RIM integration refers to the rationalization of the creation of metadata about research activity and outcomes and the seamless and secure access to it by RIM stakeholders. In other words, it is about making RIM data more interoperable to allow for easy aggregation.
It should help promote national scientific excellence and lead to greater national and international visibility. It also has many potential practical benefits, such as:
- a reduction of administrative burden for researchers;
- better analytics and business insight for national policymakers and research funders;
- efficiency gains with streamlined metadata flows between all stakeholders involved.
Persistent identifiers as the underpinning infrastructure
If RIM integration is to be achieved through the adoption of a framework of authoritative, interconnected, consistent, complete, reliable, timely and openly available metadata about public-funded research, then persistent identifiers (PIDs) must be considered key components of this framework.
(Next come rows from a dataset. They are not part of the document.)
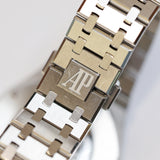 2019 Audemars Piguet Royal Oak White dial Ref. 15400ST B00017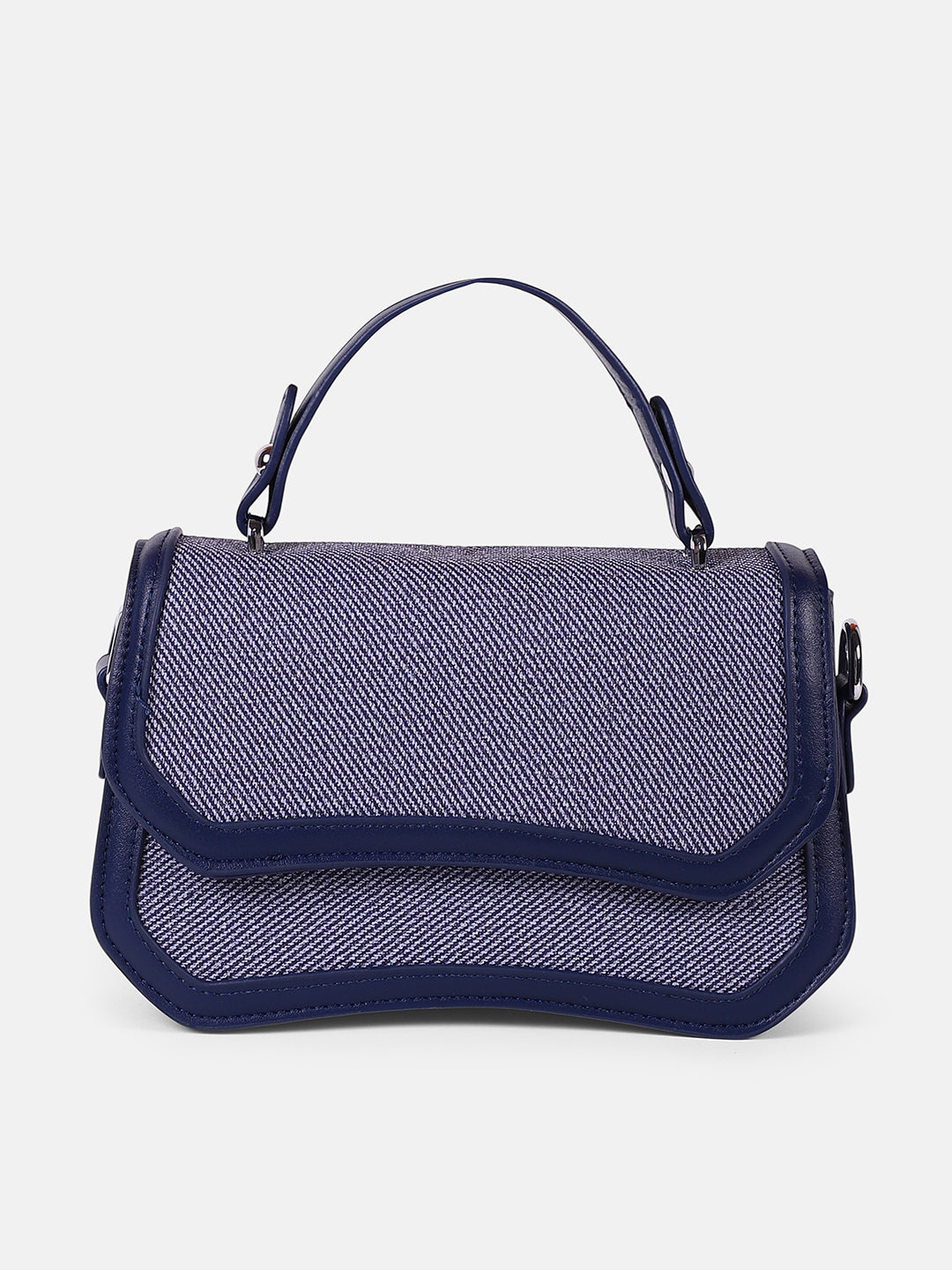 The Avenue Hand Bag - Indigo Blue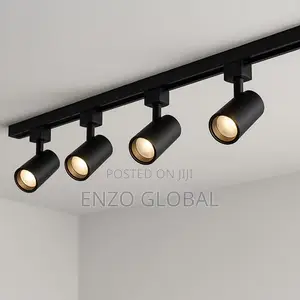 Track Light Led Light Fixture Ceiling Track Spot Kitchen Rail White Bl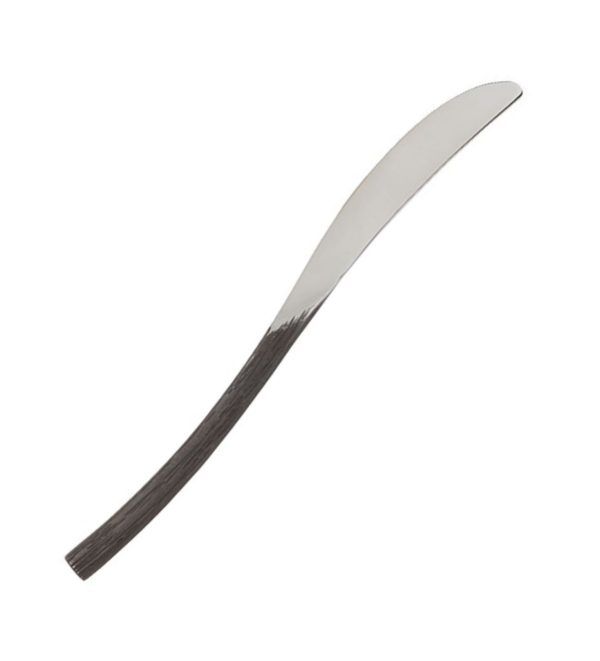 C&S Black Oak Table Knife 18 10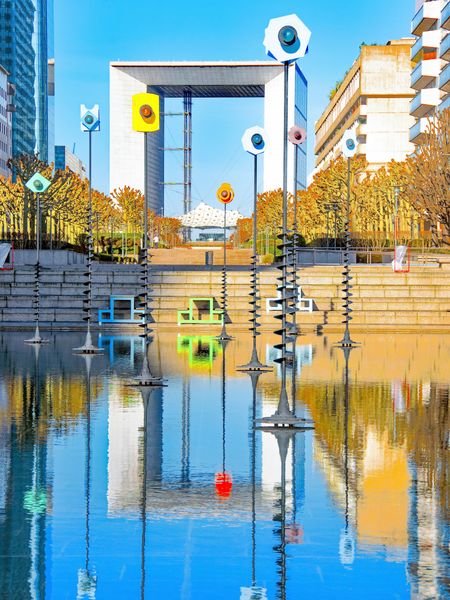 Produktbild: CALVENDO Puzzle Paris Grande Arche | 1000 Teile Lege-Gr&ouml;&szlig;e 64x48cm Foto-Puzzle f&uuml;r gl&uuml;ckliche Stunden
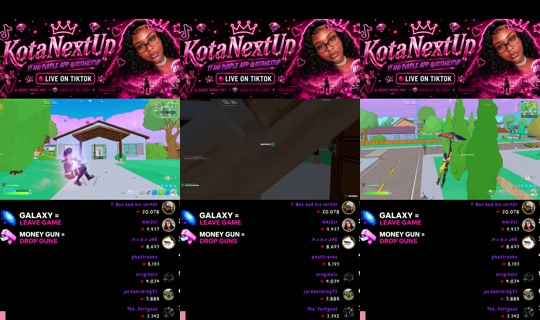 kotaupnext TikTok Live — Aug 30, 2026, 1:13 PM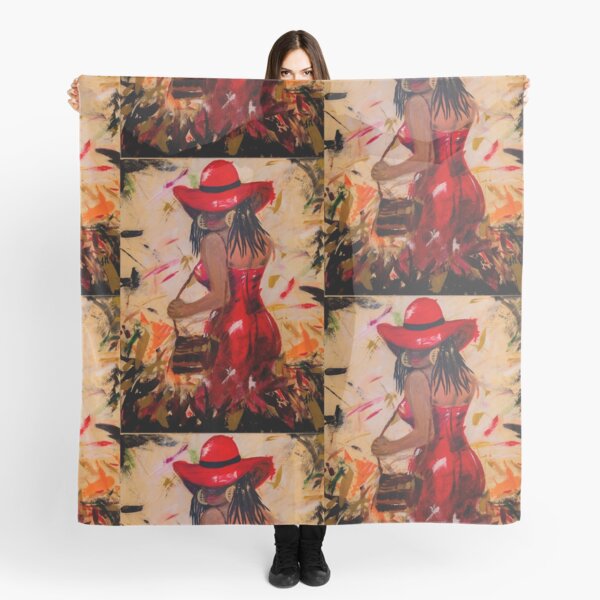 Girl on Fire Scarf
To better understand the thinking behind the centrality of PIDs in current RIM integration efforts, it is worth expanding on the notion of the “PID Graph”.
The PID Graph – a concept implemented by the EU-funded FREYA project with PID data from DataCite, Crossref, ORCID, and the Registry of Research Data Repositories (re3data) – is an underpinning infrastructure that establishes connections between the entities that matter within the research landscape: researchers, universities, outputs, funders, grants, and more. As the authors of the article “Connected Research: The Potential of the PID Graph” explain, this approach takes PIDs (for example ORCID iDs and DOIs) as the basic nodes that are linked together, instead of the entities they represent (for example researchers, articles). It constructs a graph based on the relations available in the PID-metadata.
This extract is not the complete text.